How to Respond to Abusive Behavior
Abusive behavior varies in degree, and I am aware that my readers in destructive relationships are not all the same. Some may feel relatively safe most of the time, and others feel constantly badgered and threatened. I tried to be general enough in these prescribed steps to apply to most situations.
- Talk about it with other people. You may be tempted to keep it to yourself, protect your abuser’s reputation, or blow it off, but don’t. It’s important to talk about what you experienced with other trusted people for validation and comfort. Even if you feel terrible admitting it, there are people who love you and want to be there for you.
- Seek support. Once you’ve recovered from the shock or damage, seek expert support. Counselors, human resource specialists, law enforcement, attorneys, doctors and advocates can help you determine your best interests and how to proceed. You simply can not handle abuse by yourself- asking for help is absolutely necessary.
- Set boundaries: As scary as this sounds, exploring and setting your boundaries is essential. Abusive, harmful language, manipulation, putdowns, harassment or assault is never ok. Putting up with it hoping it will get better never works in the long run. Even if you feel like you are partly to blame (a common feeling among victims of abuse), you must insist that the abuse stop or you will take further action (leave, report the abuse, etc.) Your support network can help you determine how to proceed. Abusive people do not stop abusing unless they are forced to.
- Follow through. Setting boundaries takes a good deal of energy. Congratulate yourself- you’ve already done some good work. However, your work is not finished. A person who uses abuse to gain power will most likely strike again if he/she is not held accountable. Make sure you employ stated consequences to broken or disrespected boundaries and hold to your demands. Working with advisors, advocates, and experts is essential to help you advocate for yourself.

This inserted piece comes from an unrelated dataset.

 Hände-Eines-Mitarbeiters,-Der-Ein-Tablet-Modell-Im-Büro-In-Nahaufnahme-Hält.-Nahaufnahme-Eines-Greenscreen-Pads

- Refuse to be Hard on Yourself. People grappling with emotional, physical or psychological abuse in their relationship often feel a sense of shame. They question themselves continually, and even blame themselves for their partners’ destructive behavior. They doubt themselves and their ability to make good decisions. This is a symptom of abuse and trauma, but not the cause. Be careful to not do to yourself what has been done to you. Give yourself the encouragement you need to keep going, to stay strong, and to believe in yourself.